On Tue, Feb 20, 2007 at 10:13:46AM -0700, Levi Pearson wrote:
> > In standard def land component is the best. As for signals on a single
> > wire, composite is the only one guilty of this. S-Video is better than
> > composite because it is multiple wires in one cable, and component
> > better still because it's one wire per cable (three cables). These are
> > all analog.
> So by this reasoning, the UTP wire we run our networks on is bad
> because there are multiple wires in one?  No, this can actually be a
> good thing.  Here's how the analog signal systems break down:

I never said that, FYI. I was restricting my points to A/V wiring, much
less excluding DVI (which is clearly in this class). I was not
speculating on general wiring and signals (of which I have almost no

> Component: 3 separate coax cables with RCA jacks.  Separates the video
> signal into Y, Pb, and Pr components.  Y is again luminance, and Pb
> and Pr are the differenece between luminance and blue chrominance and
> the difference between luminance and red chrominance, respectively.
> This is the minimum necessary cabling for HD, and it supports up to
> 1080p.  A good component cable run can easily go 200ft without losing
> significant signal quality.

I'll admit, I've never seen component used for anything more than 480p.
I've always seen HDMI/DVI as the choice for high end connections.
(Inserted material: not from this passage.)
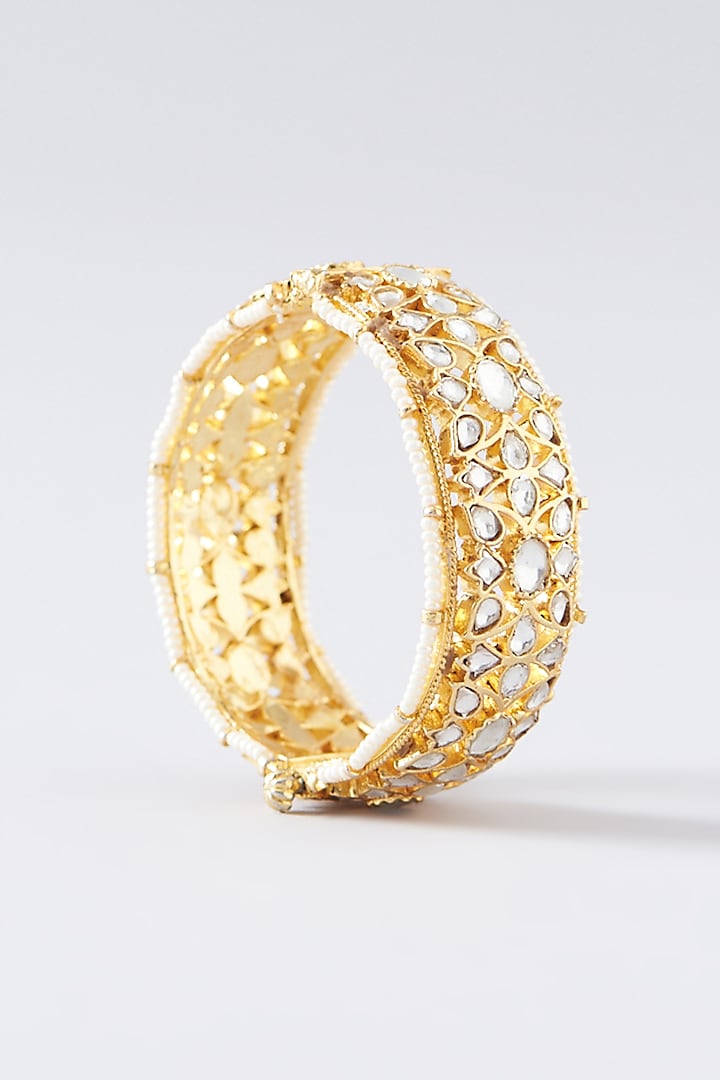 Gold Plated Kundan & Pearl Bangles (Set of 2) by Shlok Jewels at Pernia's Pop Up Shop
Learn
something new every day.

> These cables have a much shorter range, which depends somewhat upon
> the signal that you're passing through them.  A higher-frequency
> signal will degrade faster than a low-frequency signal.  A site I
> found (http://www.datapro.net/techinfo/dvi_info.html) mentioned
> significant signal degradation at 12 meters on a DVI cable.

So it's better than, but similar to VGA. Kind of what I expected. Didn't
know that component did quite so well.